Hello
I have a Deep Learning model written in CUDA C++.
The way the layers in the model are called is within a for loop.
I am looking for a way to get the layer specific runtime and kernel metrics for each layer using either CUPTI or maybe if there is another way that would make it possible.
For example, following could be the code snippet:
…
for(idx = 0; idx < numLayers; idx++){
someCpuFunc();
DLModel.predict(in[idx],out[idx]);
someCpuFunc();
}
…
In the above example, the functio DLModel.predict(idx) is as follows:
…
void predict(double* in, double* out){
someCpuFunc();
//cudaMalloc calls
//cudaMemCpy calls
layerKernel<<<G,B,T>>>(args);
someCpuFunc();
}
…
In the above example, you can see that the kernel is being called at each layer, and what I want is to get the runtime of this kernel at each call and the metrics relevant to its call.
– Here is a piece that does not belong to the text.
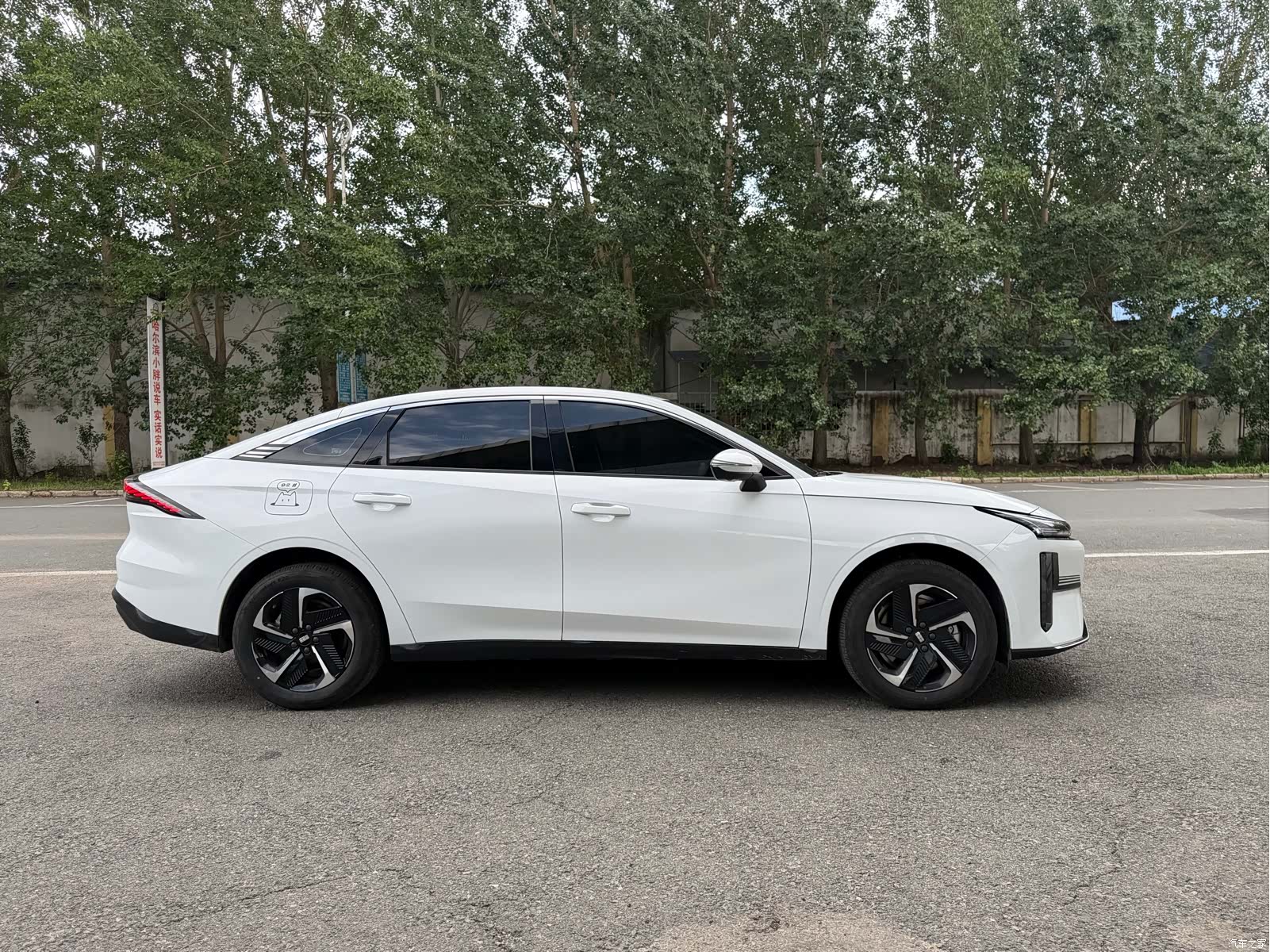 Geely Galaxy L6, 2025 4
Could someone recommend a way this can be accomplished?
Should I use Nsight Compute or Nsight Systems for this?
Also, if I end up making NVTX instrumentation for this to have NVTX range surrounding the predict() function you saw above, would it give me the exact runtime of the kernels? I say this because I have a bunch of CPU and GPU activity intermingled inside the predict() function.
Would really appreciate help on this.
Looking forward to this :)
Thanks
Lakshay